OTHER RELATED ELECTRODIAGNOSTIC STUDIES

The following are examples of additional electrodiagnostic studies that may be considered as an extension of an NCS electrodiagnostic evaluation:

LATE RESPONSES: H-REFLEX STUDIES AND F-WAVE STUDIES
Late responses, such as H-reflex and F-wave studies, are performed to evaluate nerve conduction in portions of the nerve that are more proximal to, or near, the spine or brainstem. Due to their locations, these nerves are inaccessible to direct assessment using conventional techniques. This is to be contrasted with the evaluation of the distal peripheral nerves, which is accomplished by NCS. Late responses are often complementary to motor and sensory NCS and are performed during the same evaluation. Electrical stimulation is applied on the skin surface near a nerve site in a manner that sends impulses both proximally and distally. Characteristics of the response, including latency, are assessed. Late responses provide information in the evaluation of radiculopathies, plexopathies, polyneuropathies, and proximal mononeuropathies.

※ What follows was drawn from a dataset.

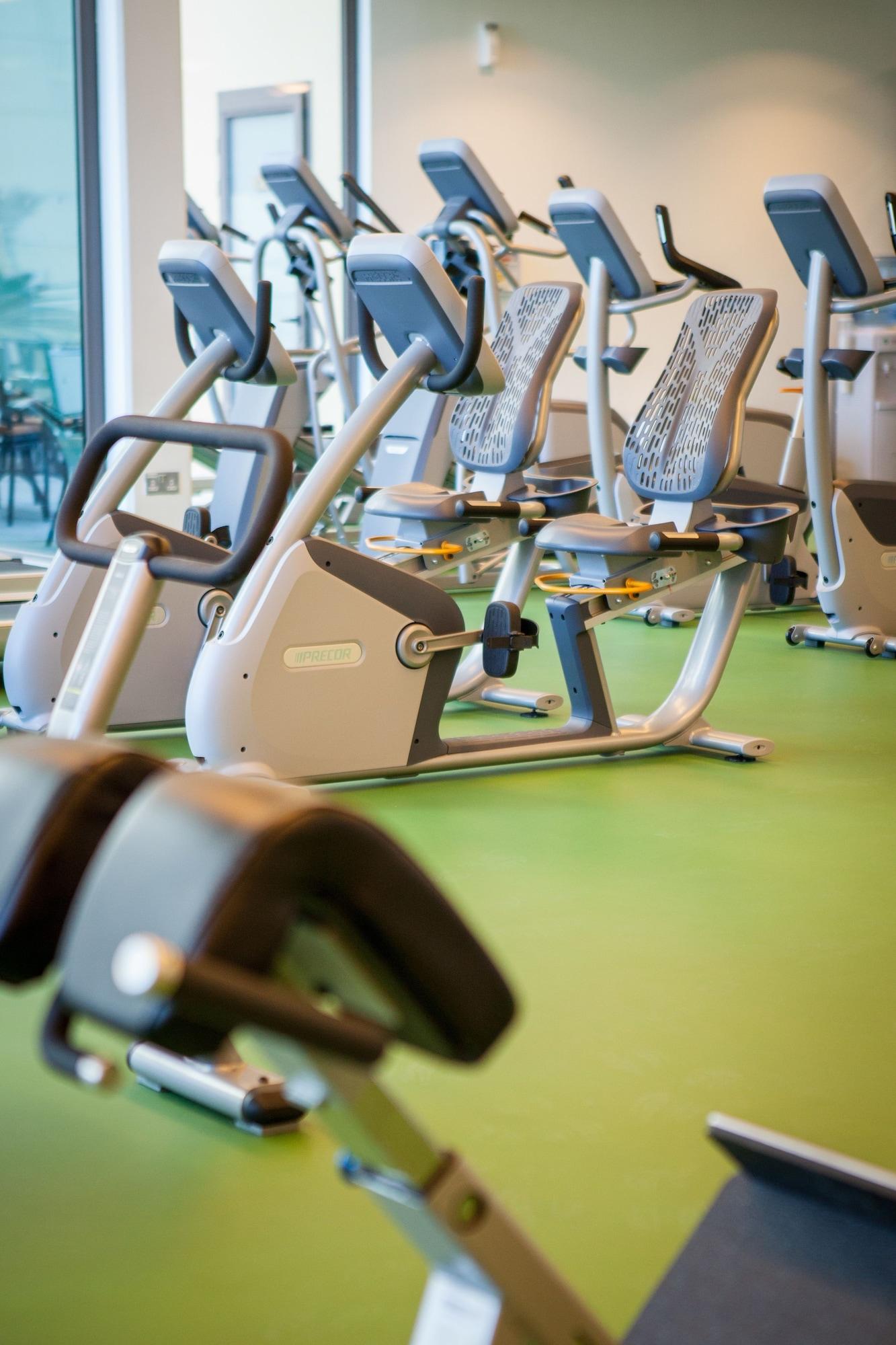 Gimnasio JA Ocean View Hotel, Jumeirah Beach Dubai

Although H-reflex studies are usually performed on the gastrocnemius/soleus muscle complex in the calf, other areas can also be assessed. Abnormalities on H-reflex studies usually indicate spinal stenosis or spinal radiculopathies. F-wave studies are used to obtain a larger number of responses in the motor nerves that are examined. In some instances, it may be appropriate for an individual to perform some motor NCS with F-wave studies and some without. Current evidence in published peer-reviewed literature does not support the use of F-waves, in isolation, to diagnose radiculopathy.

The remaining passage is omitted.